This paper establishes the equivalence between synchronous and asynchronous coordination mechanisms in dynamic games with strategic complementarities and common interests. Synchronous coordination, characterized by simultaneous commitments, and asynchronous coordination, defined by sequential action timing, are both prevalent in economic contexts such as crowdfunding and fund management. We introduce Monotone Subgame Perfect Nash Equilibrium, MSPNE, to analyze least favorable equilibrium outcomes. We provide a recursive characterization for synchronous coordination and a graph-theoretic representation for asynchronous coordination, demonstrating their equivalence in terms of the greatest implementable outcome. Our results show that the structure of commitment, whether simultaneous or sequential, does not affect the achievable welfare outcome under certain conditions. Additionally, we discuss computational aspects, highlighting the general NP-Hardness of the problem but identifying a significant class of games that are computationally tractable. These findings offer valuable insights for the optimal design of coordination mechanisms.
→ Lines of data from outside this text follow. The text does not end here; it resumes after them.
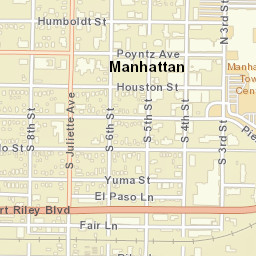 120 North 4th Street, Manhattan, KS 66502 Street Map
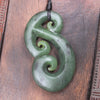 Hammerhead pendant carved from Hapopo Pounamu - NZ Greenstone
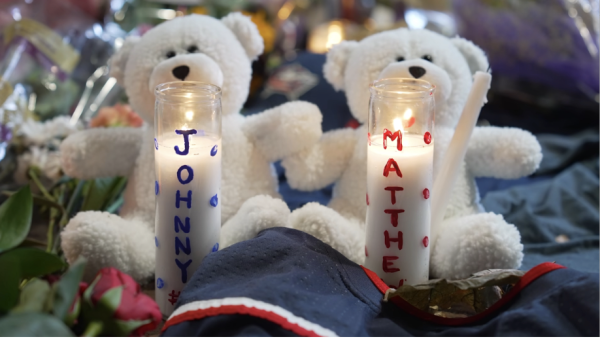 A candlelight vigil was held outside of Nationwide Arena Wednesday night, along with a moment of silence for 13 minutes and 21 seconds, in honor of the brothers' jersey numbers.   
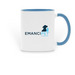 Emancipet Logo Mug, a Light Blue Two-Tone Ceramic Mug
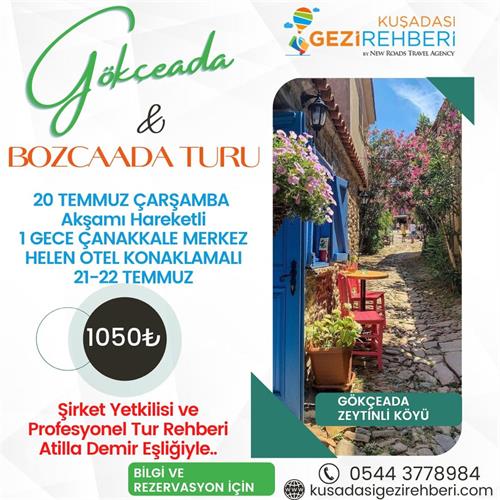 GÖKÇEADA & BOZCADA TURU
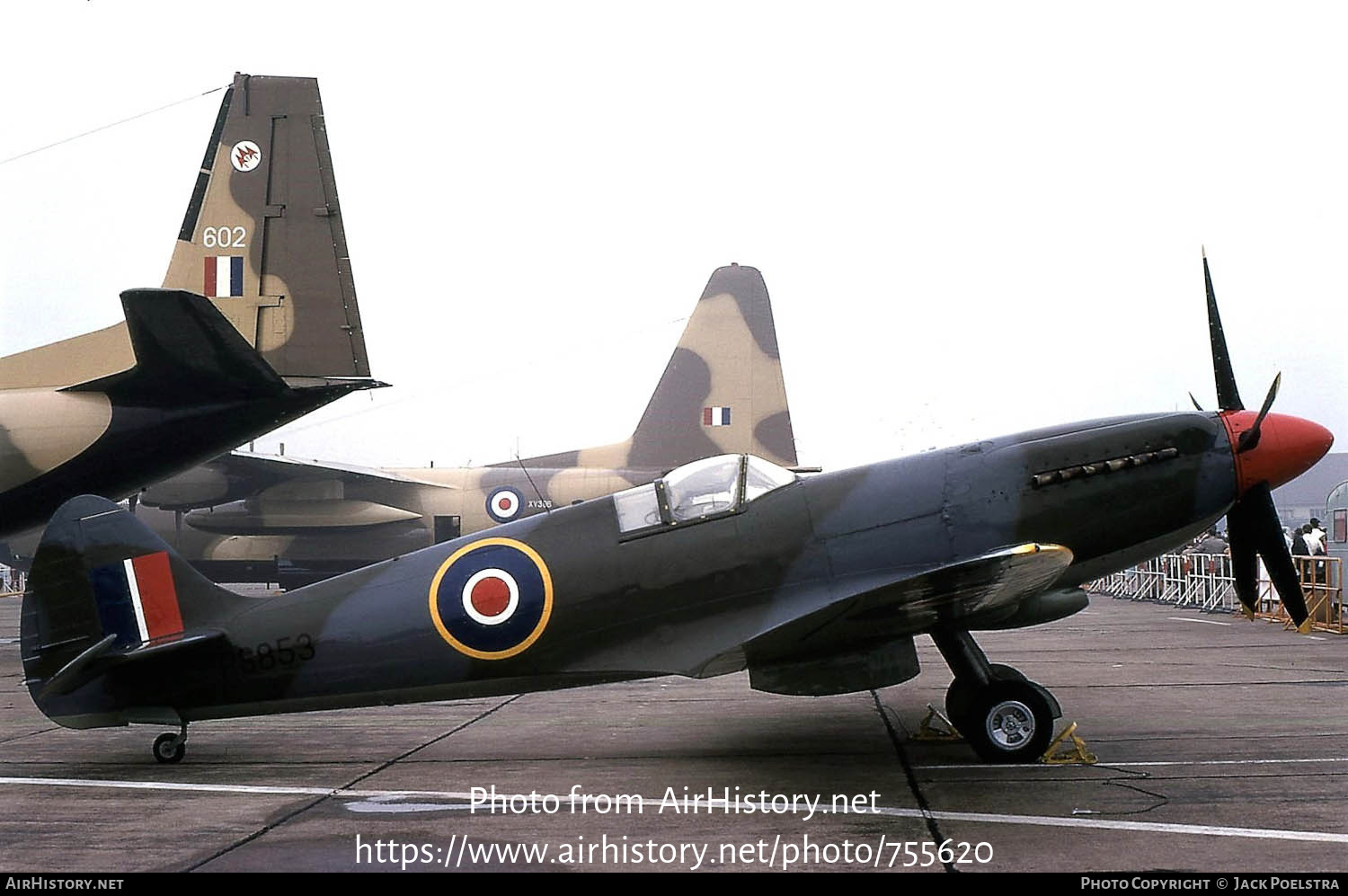 Aircraft Photo of PS853 | Supermarine 389 Spitfire PR19 | UK - Air Force | AirHistory.net #755620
翻译：本文在具有战略互补性和共同利益的动态博弈中，建立了同步协调机制与异步协调机制之间的等价性。同步协调以同时承诺为特征，而异步协调则由序贯行动时序定义，二者在众筹和基金管理等经济情境中均普遍存在。我们引入单调子博弈完美纳什均衡（MSPNE）来分析最不利的均衡结果。我们为同步协调提供了递归刻画，并为异步协调提供了图论表示，证明二者在最大可实施结果方面具有等价性。我们的结果表明，在特定条件下，承诺的结构——无论是同时还是序贯——并不影响可实现的福利结果。此外，我们讨论了计算层面的问题，指出该问题通常具有NP难性，但识别出了一大类在计算上易于处理的博弈。这些发现为协调机制的最优设计提供了有价值的见解。